EXERCISE OBJECTIVE >> Beginning with the first line, retype exactly the records below up to and including the line with "Lampada flessibile a"; pictures do not belong in the copy.
_ _ _
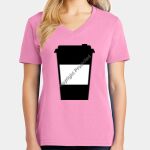 Women's Core Cotton V Neck Tee Thumbnail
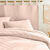 Couvre-lit uni style boutis Cassandre  (rose thé)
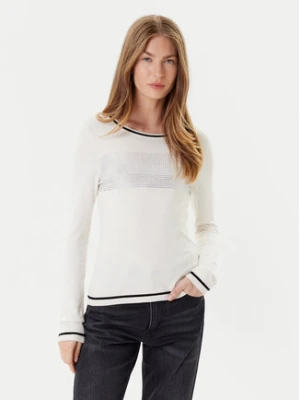 Liu Jo Sport Sweter TF5209 MS49I Écru Regular Fit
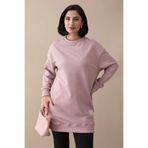 InStyle Etiket Detay Basic Gül Kurusu Tunik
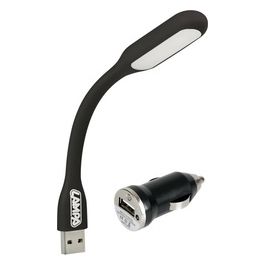 Lampada flessibile a LED COB + caricatore USB 12/24V 1 pz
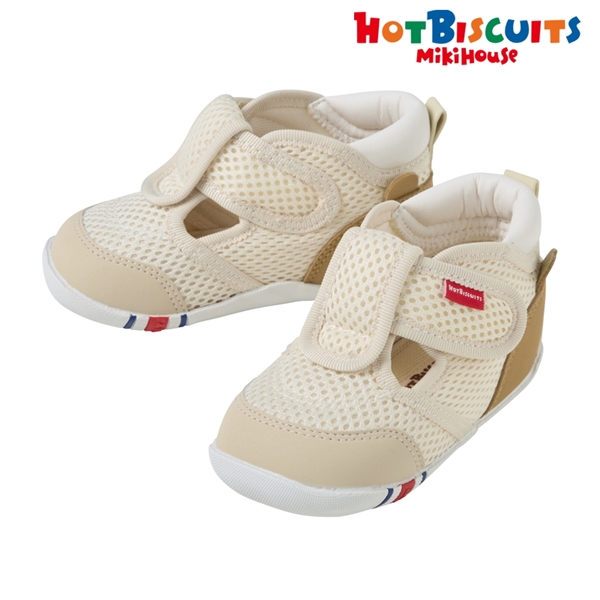 [11.5～13.5cm] ファーストベビーシューズ アイボリー[ミキハウス　ホットビスケッツ] アイボリー 11.5cm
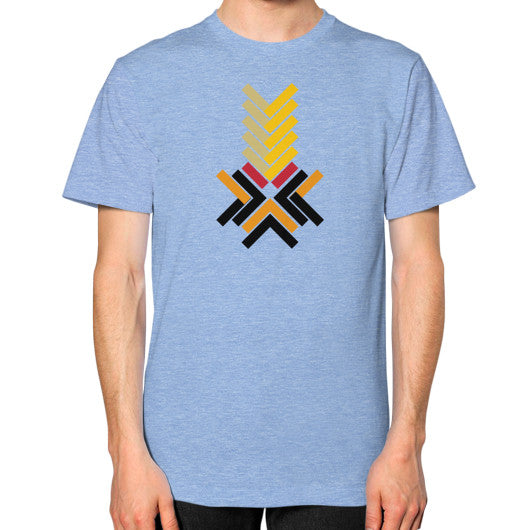 Unisex T-Shirt (on man) Tri-Blend Blue Ar Designed!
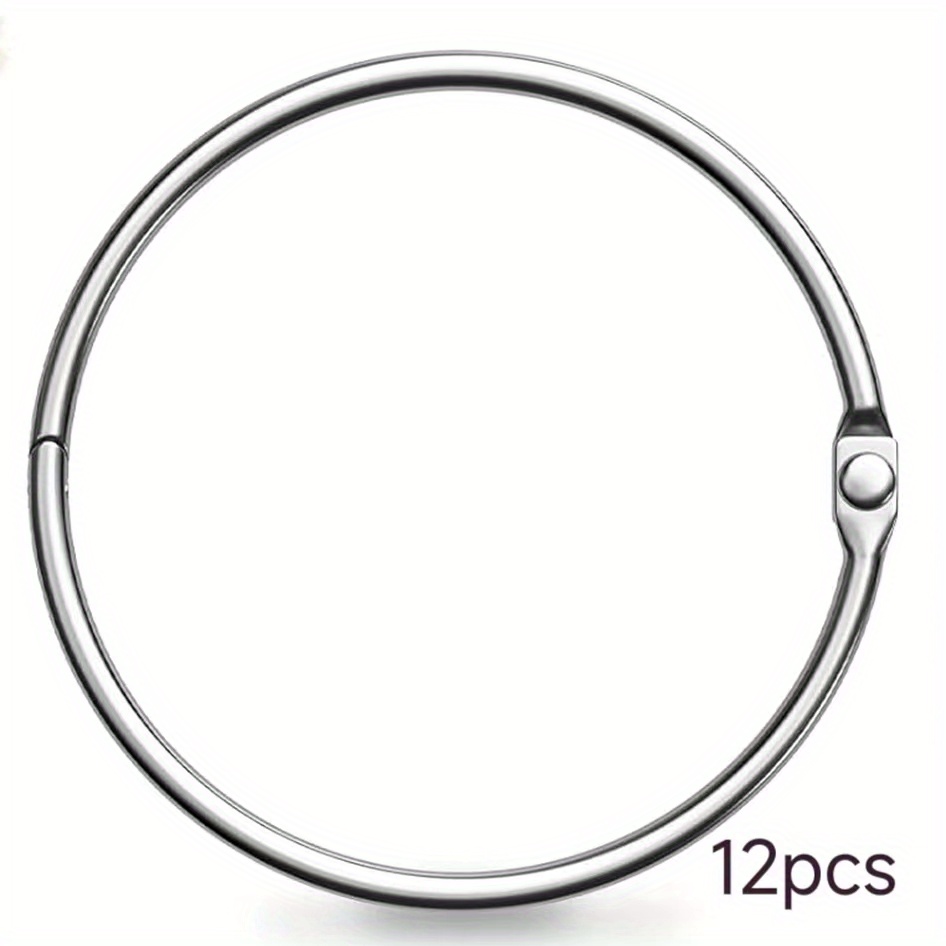 Image of 6pcs/12pcs Shower Curtain Rings, Shower Curtain Hooks Anti-drop Round Shower Rings For Curtain, Metal Shower Curtain Rings Rust Proof, Shower Rod Hooks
_ _ _
RESULT BELOW >>
 Women's Core Cotton V Neck Tee Thumbnail
 Couvre-lit uni style boutis Cassandre  (rose thé)
 Liu Jo Sport Sweter TF5209 MS49I Écru Regular Fit
 InStyle Etiket Detay Basic Gül Kurusu Tunik
 Lampada flessibile a LED COB + caricatore USB 12/24V 1 pz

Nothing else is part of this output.